Brig. Gen. Gavin Gardner, commander of Joint Munitions Command, discusses modernization efforts across the JMC Enterprise with Army leaders during the virtual AMC Commander’s Organic Industrial Base Summit July 7-8 (U.S. Army photo by Hayley Smith).
Brig. Gen. Gavin Gardner, commander of Joint Munitions Command, discusses modernization efforts across the JMC Enterprise with Army leaders during the virtual AMC Commander’s Organic Industrial Base Summit July 7-8 (U.S. Army photo by Hayley Smith). (Photo Credit: Hayley Smith) VIEW ORIGINAL

ROCK ISLAND, Ill. – Providing munitions to warfighters across the globe is a team effort. To maintain its successful management of more than $59 billion of ammunition items for the U.S. armed forces, Joint Munitions Command and its subordinate arsenals, depots and ammo plants shared best practices with fellow leaders at the virtual AMC Commander’s Organic Industrial Base summit July 7-8.

Army Materiel Command, JMC’s higher headquarters and the four-star command that delivers all equipment, ammunition and resources to American troops, hosted the quarterly event for OIB site commanders, life-cycle management commanders and other stakeholders to participate in a dynamic, proactive interchange to discuss both current and anticipated needs of service members.

AMC senior leaders engaged directly with site commanders and emphasized the OIB sites’ importance to Soldier readiness.

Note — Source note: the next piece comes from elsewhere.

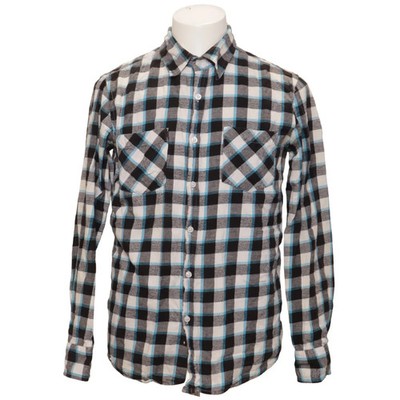 Urban Classics, Flanellhemd, Größe: M, Schwarz/Weiß/Blau, Baumwolle, Karo #kbW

“As we look at strategic readiness, what comes front and center is the Organic Industrial Base,” Gen. Ed Daly, AMC’s commanding general and the U.S. Army’s senior sustainer, said to the participants. “You are foundational and pivotal to that. I want to have this dialogue and discussion. How can we help you with OIB modernization efforts?”

Commanders from across AMC and the OIB discussed the current status of their organizations and how each command is modernizing to better serve the 21st-century warfighter.

Brig. Gen. Gavin Gardner, JMC commander, discussed the JMC enterprise’s overarching transformation plan and its coordination with its 14 subordinate organizations.

“JMC identified core mission competencies, strategic initiatives and desired time lines and end states across the enterprise as a whole,” Gardner said. “Our installations are developing their own individual modernization strategies based on each organization’s core competencies and circumstances.”

Col. Stephen Dondero, commander of JMC subordinate Crane Army Ammunition Activity, discussed the depot’s infrastructure improvements for key operations.

“We’re prioritizing upgrading the facilities for our validated capabilities,” Dondero said. “For pyrotechnics, CAAA provides infrared and visible illumination rounds and several others. In terms of countermeasures, we support 20-plus types of aircraft across three different services. That’s our bread and butter and why we prioritize those so highly.”

The focus on modernization is part of a greater Army-wide push to prepare for the conflicts of tomorrow by updating methodologies, workforce and infrastructure for future needs. Many organizations in the OIB, including CAAA, still operate in World War II-era buildings. JMC’s transformation strategy addresses these issues as the enterprise remains focused on producing, distributing, storing and demilitarizing conventional munitions for the American warfighter.